10.12.2005 Verfahrensrecht

OGH: Eine Amtshaftungsklage reicht für sich allein noch nicht aus, um die Befangenheit des betroffenen Richters in Zweifel zu ziehen


Schlagworte: Zivilverfahrensrecht, Befangenheit, Amtshaftungsverfahren, Strafanzeige, Disziplinaranzeige
Gesetze:

§§ 20 ff JN

In seinem Beschluss vom 06.10.2005 zur GZ 6 Ob 213/05z hatte sich der OGH mit der Ablehnung eines Richters aufgrund eines anhängigen Amtshaftungsverfahrens auseinanderzusetzen:

Der Ablehnungsantrag des Fünftbeklagten wurde zurückgewiesen, weil keine Anhaltspunkte dafür vorlagen, dass die betroffene Richterin nicht bereit wäre, ihre frühere Rechtsansicht gegebenenfalls kritisch zu überdenken und davon abzuweichen. Der Rekurswerber brachte vor, dass schon allein das anhängige Amtshaftungsverfahren den äußeren Anschein begründe, die Entscheidungsfindung erfolge nicht allein auf Basis sachlicher Überlegungen.

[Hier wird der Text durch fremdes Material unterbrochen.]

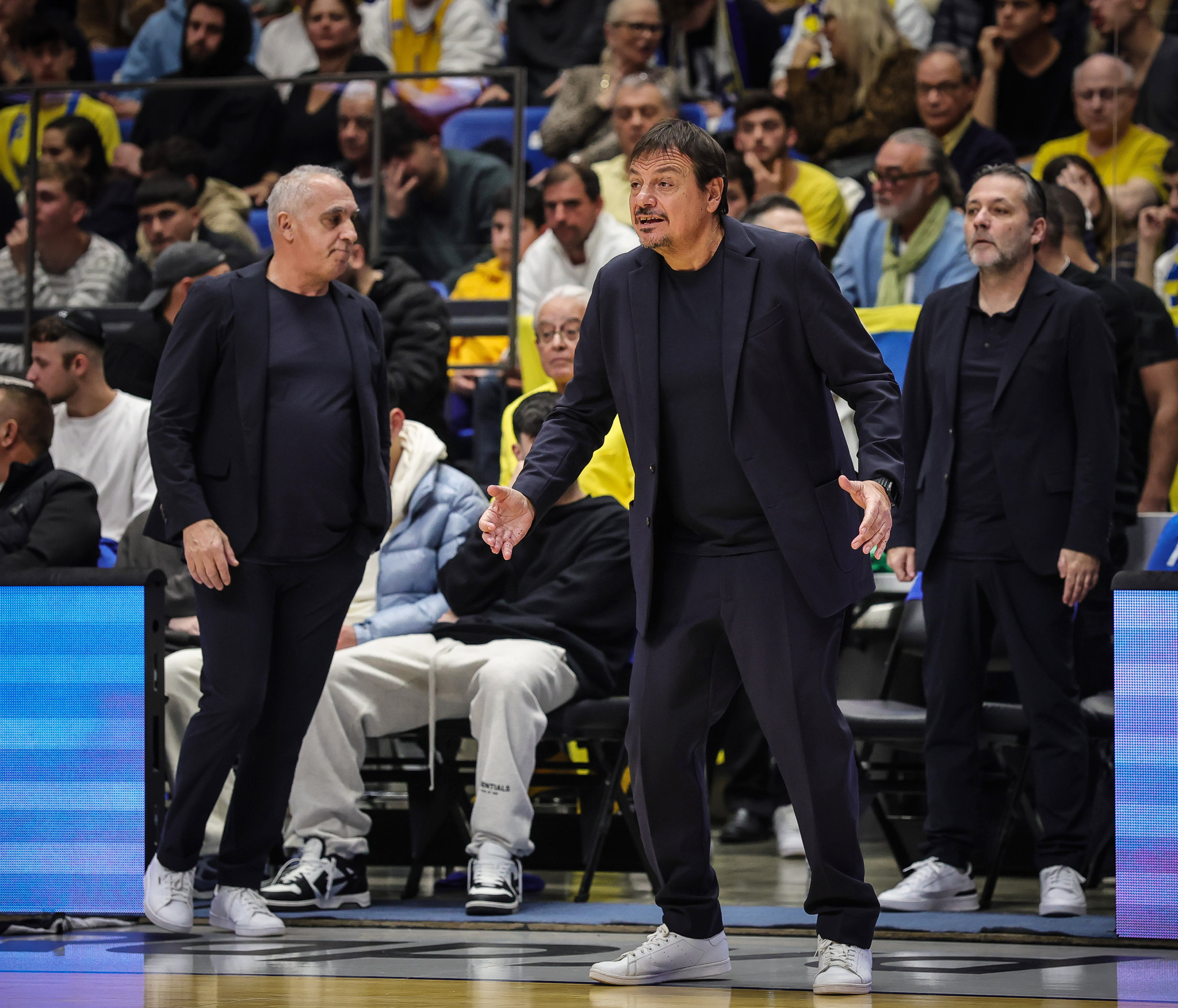 Έξαλλος ο Αταμάν: Πήγε στη γραμματεία για σταματημένο χρονόμετρο και κατέθεσε ένσταση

Der OGH führte dazu aus: Die Möglichkeit, einen Richter wegen Befangenheit abzulehnen ist zeitlich begrenzt. Hat sich die Partei in das Verfahren eingelassen oder Anträge gestellt, ohne einen bereits bekannten Ablehnungsgrund sofort geltend zu machen, ist das Ablehnungsrecht verwirkt. Weder ein Amtshaftungsverfahren, noch eine Strafanzeige oder Disziplinaranzeige reichen aus, um eine Befangenheit des Richters zu begründen, weil der Partei ansonsten die Möglichkeit eingeräumt würde, sich der Entscheidung durch einen ihr missliebigen Richter zu entziehen. Es entspricht durchaus der allgemeinen Lebenserfahrung, dass es zu derartigen Angriffen auf Richter durch solche Parteien, die sich durch eine Entscheidung benachteiligt fühlen, kommt. Das allein lässt aber noch nicht den Schluss zu, dass Richter dadurch nicht in der Lage wären, Entscheidungen auf Grundlage rein sachlicher Überlegungen zu treffen.